Product Quantum (Rs. Cr) Long Term Rating Short Term Rating
Bank Loan Ratings 4.75 ACUITE BB+ | Stable | Reaffirmed -
Bank Loan Ratings 5.25 - ACUITE A4+ | Reaffirmed
Total Outstanding Quantum (Rs. Cr) 10.00 - -
 
Rating Rationale
­Acuité has reaffirmed the long-term rating of ‘ACUITE BB+’ (read as ACUITE Double B plus) and the short term rating of ‘ACUITE A4+’ (read as ACUITE A four plus) on the Rs.10.00 crore bank facilities of S and T Welcare Equipments Private Limited (STWPL).
Outlook is 'Stable'.

Rationale for reaffirmation  
The rating action takes into account the growth expected in the operating income and stability in operating margins over the medium term. The rating is supported by the experienced management, long track record of operations and moderate financial risk profile. These strengths are, however, partly offset by the intensive working capital operations

About Company
­Tamil Nadu based, S and T Welcare Equipments Private Limited (Erstwhile Shanthan Exports and Imports Private Limited) was incorporated in the year 1998 by Mr. Doraiswamy Shanmugasundaram and Mr. Palaniswamy Thangavel. The company is engaged in trading of fitness equipment under its own brandname 'Welcare'. The company has a pan India presence with 90 plus brand stores retail stores, franchises outlets and 80 plus dealers. The company also sells products through online platforms. The company also trades fitness equipment of other brands such as Steel Flex, Intenza, Sportop, First degree fitness and many more.
 
About the Group
Maxpro Amazing Equipments Private Limited was incorporated in FY 20 for catering the revenue through online platforms.The company is engaged in trading of fitness equipment.
 

Analytical Approach

Extent of Consolidation
•Full Consolidation
Rationale for Consolidation or Parent / Group / Govt. Support
­For analytical purposes, Acuité has consolidated the business and financial risk profiles S and T Welcare Equipments Private Limited and its subsidiary i.e. Maxpro Amazing Equipments Private Limited together known as ‘S and T Welcare Group’. The consolidation is majorly on account of common management with operational and financial linkages across the companies. Approch has been changed from Stanalone to consolidation. 

Key Rating Drivers

Strengths
Experienced management and established track record ofoperations
STWPL was incorporated in 1998 by Mr. Shanmugasundaram, Managing Director and Mr. Thangavel, Director who have over two decades of experience in the fitness equipment trading industry. The company has a diversified customer base and geographical presence mitigating the risk of revenue fluctuations.  Acuité believes that the company will maintain a stable business profile backed by its experienced management and established track record.

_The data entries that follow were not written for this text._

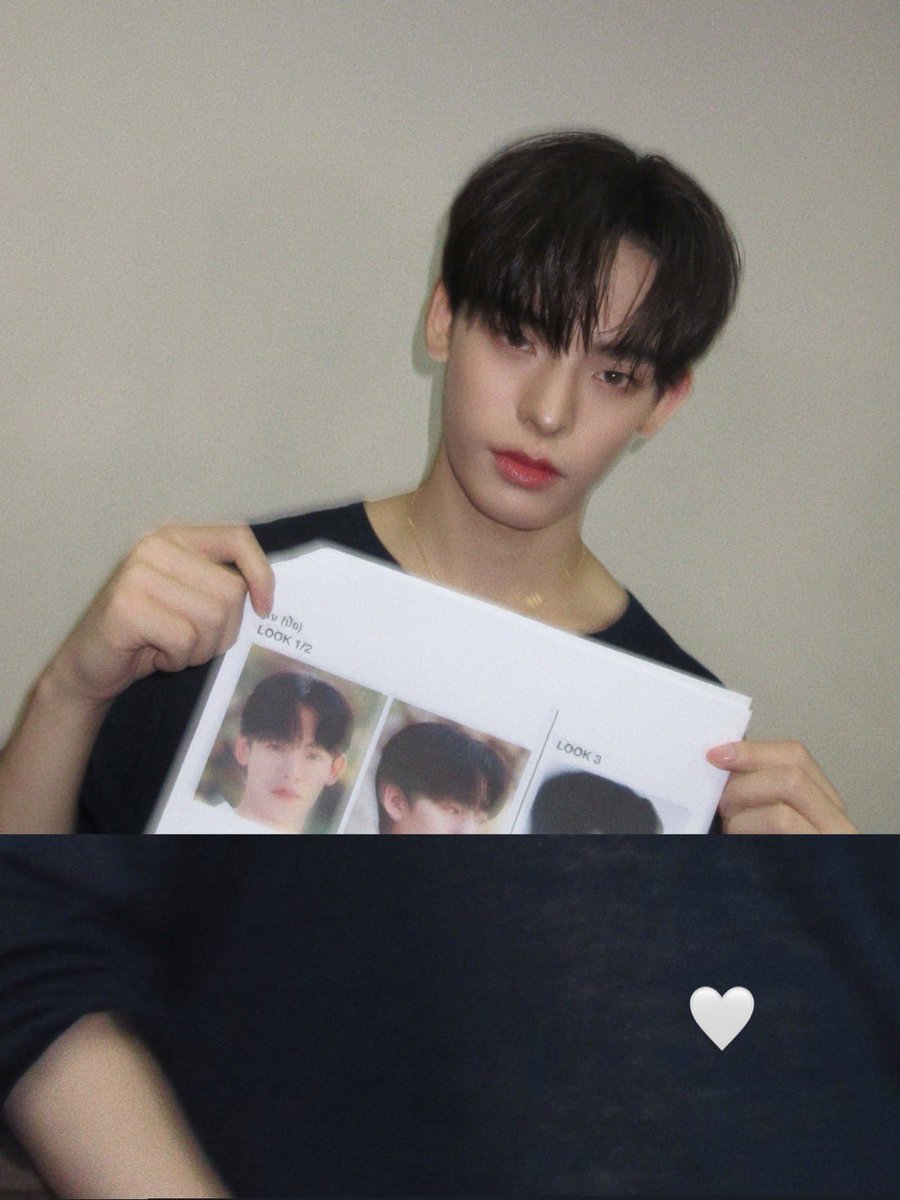 บทฉินต้องเป็นน้องป๋อเท่านั้นนะ 🥺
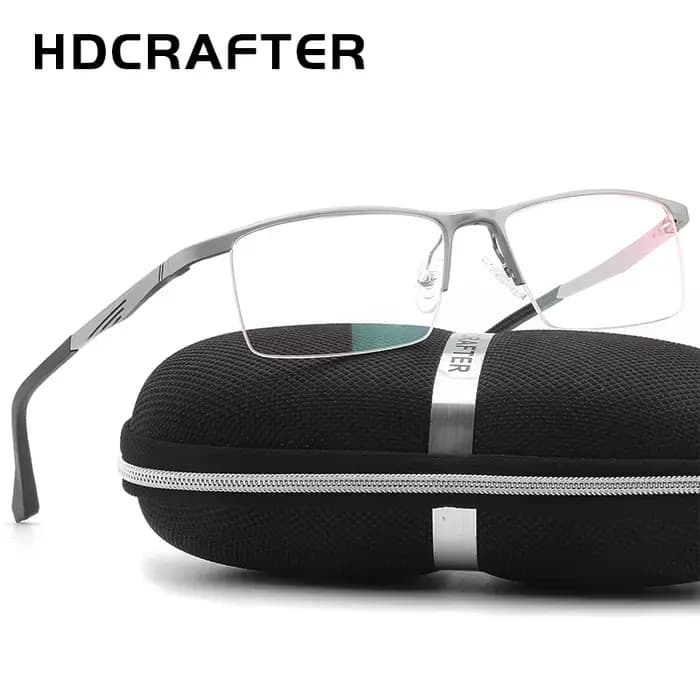 HDCRAFTER – lunettes de vue pour hommes et femmes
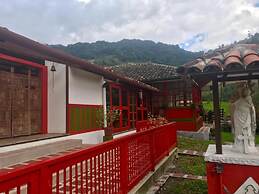 Ecohotel Pinohermoso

­Augmentation in business risk profile
S and T Welcare Group operations has improved reflected by growth in consolidated revenue from operations by 14.34% in FY2022 to Rs.83.98 crore as against Rs.73.45 crore for FY2021. Furthermore, the group has recorded revenue of ~Rs 80 crore till February 2023.Currently, the group has orders in hand of ~Rs 30 crore. ROCE of the group stood at 22.48 percent in FY2022.
Growth in operations is driven by continuous demand of the fitness equipment of various brands traded by STWPL. The demand is also attributable to the health and fitness conscious individuals in the current scenario.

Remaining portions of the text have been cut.